Two weeks ago I had McDonald VW in Denver replace my paper air filters with the new K&N's. So far, no MAF issues. I can report 22.8 mpg doing 75 mph with a light load in the back going from Grand Junction up to Avon (gradual uphill from 4597ft to 7430ft). They help me squeak out that extra bit of power and efficiency at altitude that it would normally get at lower altitudes/sea level.
And to comment about the earlier thread about engine efficiency, it's a simple equation for any engine, diesel or gas. A combination of air and fuel mix combined with a spark (gas) or compression (diesel) to provide a reaction/explosion that provides energy. With that said, the earlier post about more fuel equals more power completes only half of the equation. More air is also important for more power and/or better efficiency (thus the presence of turbos on engines). If we reduce the restriction of the air taken in by the engine, the easier it is for it to produce power. Think of it like this - running breathing only through your nose vs. running breathing through your mouth. Sure you can run breathing through your nose, but you'll run more efficiently and likely faster breathing through your mouth.
This is the fourth automobile I've used these filters on (both diesel and gas) and have had zero issues thus far with any of them. The important thing to remember is if they are taken out and cleaned with the K&N cleaning kit, make sure the filter has plenty of time to dry before re-inserting into the vehicle. The droplets of oil inhaled in the intake are what will set off the MAF/check engine sensors.


----------



## Phagus (Aug 5, 2003)

*Re: V10 TDI - K&N Air Filters (elteakay)*


_Quote, originally posted by *elteakay* »_Two weeks ago I had McDonald VW in Denver replace my paper air filters with the new K&N's. So far, no MAF issues. I can report 22.8 mpg doing 75 mph with a light load in the back going from Grand Junction up to Avon (gradual uphill from 4597ft to 7430ft). They help me squeak out that extra bit of power and efficiency at altitude that it would normally get at lower altitudes/sea level.
And to comment about the earlier thread about engine efficiency, it's a simple equation for any engine, diesel or gas. A combination of air and fuel mix combined with a spark (gas) or compression (diesel) to provide a reaction/explosion that provides energy. With that said, the earlier post about more fuel equals more power completes only half of the equation. More air is also important for more power and/or better efficiency (thus the presence of turbos on engines). If we reduce the restriction of the air taken in by the engine, the easier it is for it to produce power. Think of it like this - running breathing only through your nose vs. running breathing through your mouth. Sure you can run breathing through your nose, but you'll run more efficiently and likely faster breathing through your mouth.
This is the fourth automobile I've used these filters on (both diesel and gas) and have had zero issues thus far with any of them. The important thing to remember is if they are taken out and cleaned with the K&N cleaning kit, make sure the filter has plenty of time to dry before re-inserting into the vehicle. The droplets of oil inhaled in the intake are what will set off the MAF/check engine sensors.

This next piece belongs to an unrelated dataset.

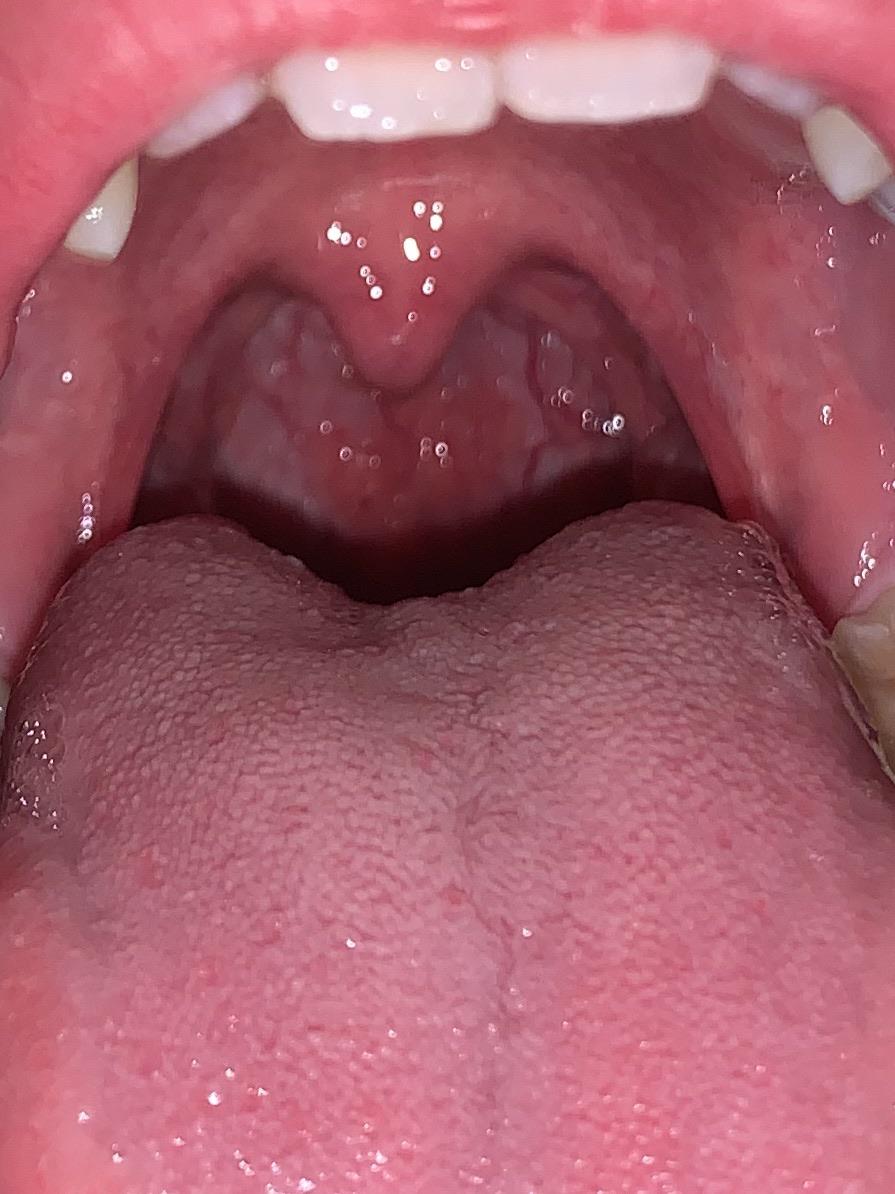 Anyone know what the two red bumps at the back could be? I’ve been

excellent post! suggest removing the filters altogether - that way the air passage would be completely free. 
the easier the flow the worse the filtration effect. obvious, no?


----------



## elteakay (May 16, 2006)

*Re: V10 TDI - K&N Air Filters (****us)*

Yes, removing the filters altogether would be optimal, but do it on someone elses car.


----------



## V10 (Nov 15, 2004)

*Re: V10 TDI - K&N Air Filters (elteakay)*

You can also avoid the "chance" of MAF contamination by using a performance air filter that does not use oil such as the aFe part number 31-10134 Pro Dry S.
I've also used K&N air filters in all of our cars, mainly Audi and Mercedes and also have not experience any MAF issues. I was the Service Manager of a Porsche, Audi, Mercedes, Land Rover dealer years ago and did see such but it was definitely an "over oiling issue". The problem is they sometimes come this was from the factory and people obviously install them this way. Even more frequently we got people arguing that the MAF couldn't have been damaged by the K&N because they had it for years - we'd usually find that they had recently cleaned and re-oiled themselves with WAY TOO MUCH oil.
With the newer dry filters such as the afe mentioned at the beginning of this post you really don't need to take the risk any more. BTW - you can easily clean the MAF wire with just a shot of a special cleaner you can purchase at most car parts stores. Some use brake clean to do such but since there are so many products using different chemicals in them I'd be cautious so you don't damage the plastic and potentially circuitry embedded in the MAF.
BTW - We also found many more MAF's killed when their owners or detailer's would use silicone to spray and make the engine compartment look nice and shiny. Silicone products can potentially kill the MAF's and will also damage the O2 sensors and cat.


----------



## tbroadbent (Jan 4, 2005)

You are wrong the K&N filters DO NOT MESS UP YOUR MAF OR OTHER SENSORS!! I have had K&N air filters in all my cars including my 04 and currently my 07 touaregs with no problems. If you cannot read directions and put to much oil on the filter you may have issues. But if you do not put the correct gas in your car it may have issues too!! BTW other non-oil type (cleanable) filters are available that work just as well as the K&N. I just use K&N because I have them in all my vehicles and it makes it easier to use the same cleaning procedures on all my motors.


----------